CHAPTER XI
THE AFTER-TREATMENT. RISKS AND SEQUELÆ OF
ABDOMINAL GYNÆCOLOGICAL OPERATIONS
The performance of ovariotomy, hysterectomy, and allied procedures is attended by several risks, immediate and remote, which may spoil the best-planned and most carefully executed operation. Some of these may be avoided by careful attention to the details embraced by the phrase ‘after-treatment’.
THE AFTER-TREATMENT OF ABDOMINAL OPERATIONS
The patient is returned to the bed with gentleness and usually lies on her back, but many anæsthetists prefer to turn the patient on one or other side for an hour, until there is a fair return to consciousness. The patient then lies on her back and a pillow is placed under the knees. Hot-water bottles should not be placed in the bed with the patient until she is completely conscious, and they are rarely needed. The healing of blisters caused by hot-water bottles is a slow process. During the first twelve hours the patient complains of pain, thirst, and vomiting.
The thirst is in a measure relieved by administering six or eight ounces of normal saline solution by the rectum an hour after the patient returns to bed, and repeating it in three or four hours. The patient may wash her mouth out frequently with water, hot or cold, according to her fancy, and if there is no vomiting she may swallow a little hot water from time to time. As a rule, it is better for her to abstain from swallowing anything for the first eighteen hours; the best way to avoid vomiting after an anæsthetic is to keep the stomach empty.
There is always some pain after an abdominal operation, partly due to tension on the sutures, and colic.
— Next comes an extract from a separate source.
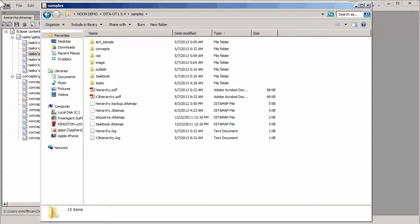Structured FrameMaker has the ability to work with DITA and DITA maps directly. In front of you, you see FrameMaker 11, and we have an open DITA map called DITA map hierarchy.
The injection of normal saline solution (a teaspoonful of salt to a pint of water) by the rectum often controls this, but occasionally the pain is so severe that it is necessary to give a quarter of a grain of morphine hypodermically, or in a suppository, about twelve hours after the operation, in order to procure sleep. The routine use of morphine after these operations is injudicious and rarely necessary.
At the end of twenty-four hours small quantities of barley-water, tea, or milk and water are given, and if retained they may be taken in increasing quantities. On the fourth day an enema is given to clear the bowel, and then the patient will take fish, chicken, &c., and soon get on to convalescent diet.
When vomiting is very troublesome, it is sometimes necessary to keep a patient on rectal feeding two or three days.
When there is abdominal distension, this may be relieved by the passage of a rectal tube at intervals of three hours, and if this fails a turpentine enema should be given.